Ok, I'll admit it. I'm cheating with the dog training. Sam is going into his sixth season and he still breaks some points. Most of 'em, if I'm not close. I have a verbal comand with a hand signal to stop him in other situations. So the last 4 times we were out in the field I used it when he hit a point and he hasn't broken yet. We won't get the blue ribbon for high class but it's working like a charm and the birds are going to suffer.


----------



## Bobm (Aug 26, 2003)

If it works it works and you are the one feeding him so I see no harm in it.

Remember pheasants are untrustworthy sneaky little [email protected]@Rds and deserve no quarter :wink:

Man 6 years ?? seems like you just got him a couple years ago, you are really getting old....


----------



## Dak (Feb 28, 2005)

Dick,

Bottom line 1:

Do you enjoy seeing him work like this? Seems like it so its cool.

Bottom line 2:

Birds in the bag...Seems like it so its cool.

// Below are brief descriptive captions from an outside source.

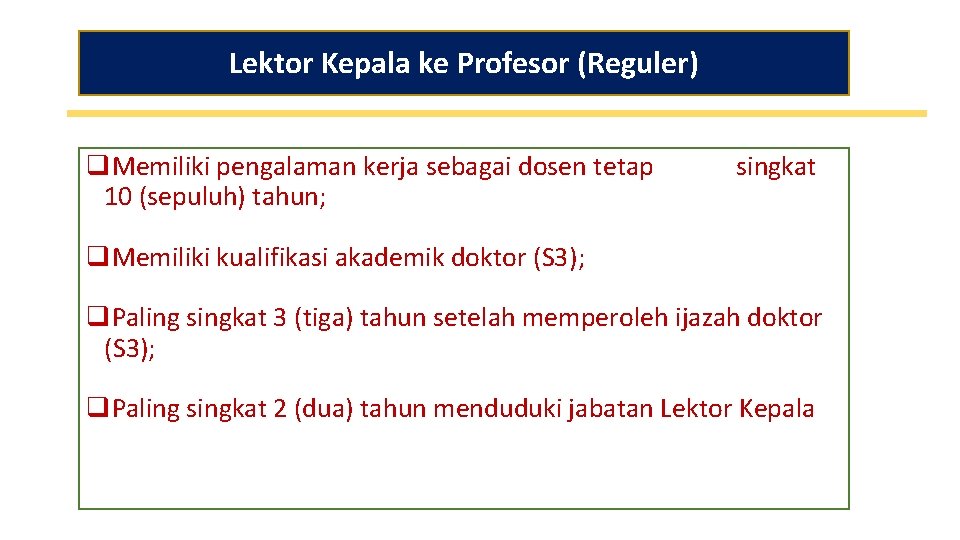 Lektor Kepala ke Profesor (Reguler) q. Memiliki pengalaman kerja sebagai dosen tetap paling singkat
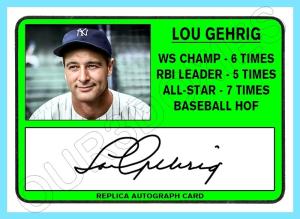 Lou Gehrig Replica Autograph Art Card - Yankees
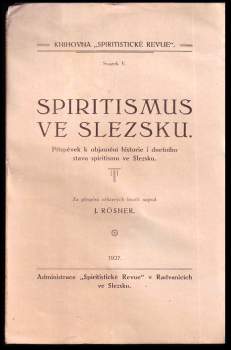 Jan Rösner: Spiritismus ve Slezsku
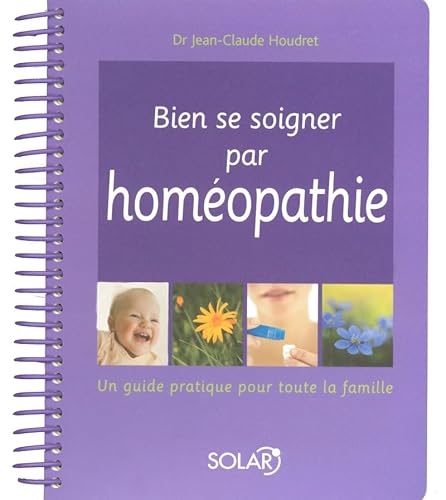 Beispielbild fr Bien se soigner par l'homopathie - NE zum Verkauf von Ammareal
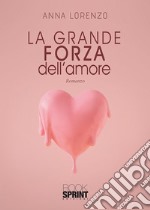 La grande forza dell'amore libro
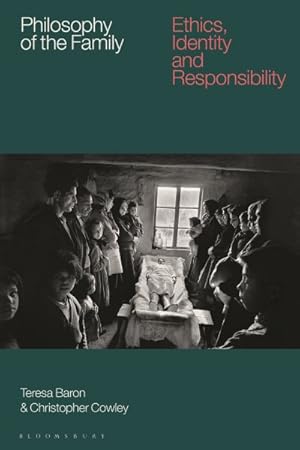 Image du vendeur pour Philosophy of the Family : Ethics, Identity and Responsibility mis en vente par GreatBookPricesUK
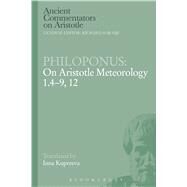 Philoponus: On Aristotle Meteorology 1.4-9, 12 by Philoponus, John; Kupreeva, Inna, 9781472558206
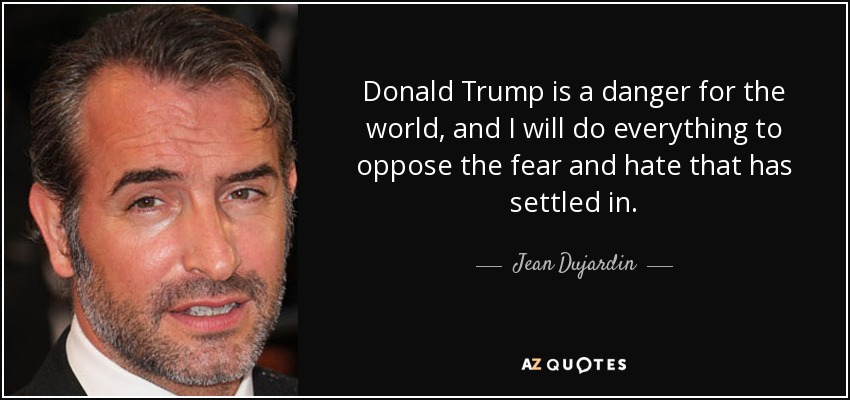 Donald Trump is a danger for the world, and I will do everything to oppose the fear and hate that has settled in. - Jean Dujardin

Only 6...our oldest dog is 10 and can't figure out why we haven't been nailling the roosters we see while hunting grouse...less than a week.


----------



## Dick Monson (Aug 12, 2002)

Bob, you just keep paying into my social security and I'll be happy.  
It gets kind of loud when Sam is on point but that might tapper off too as we get this down. Usually we hunt pheasants in cattails so wasn't too worried about the pointing, but as age creeps in it is pleasant to just walk up on him.


----------



## Guest (Oct 4, 2009)

That lab has a short tail! :lol:


----------



## Gonzo403 (Sep 23, 2009)

Dick is that 1 of those 
pudle dogs ?I just tarted to learn about those. they sound like a cool breed. Are they more a water dog or do they tend more to point (i realise they were bred for both but). I have two labs now. But would like a good pointer thought Brittany but those dogs are peaking my interest. What say you?


----------



## Dick Monson (Aug 12, 2002)

He is a GWP. They come with different length hair coats so GWP owners get asked that a lot.


----------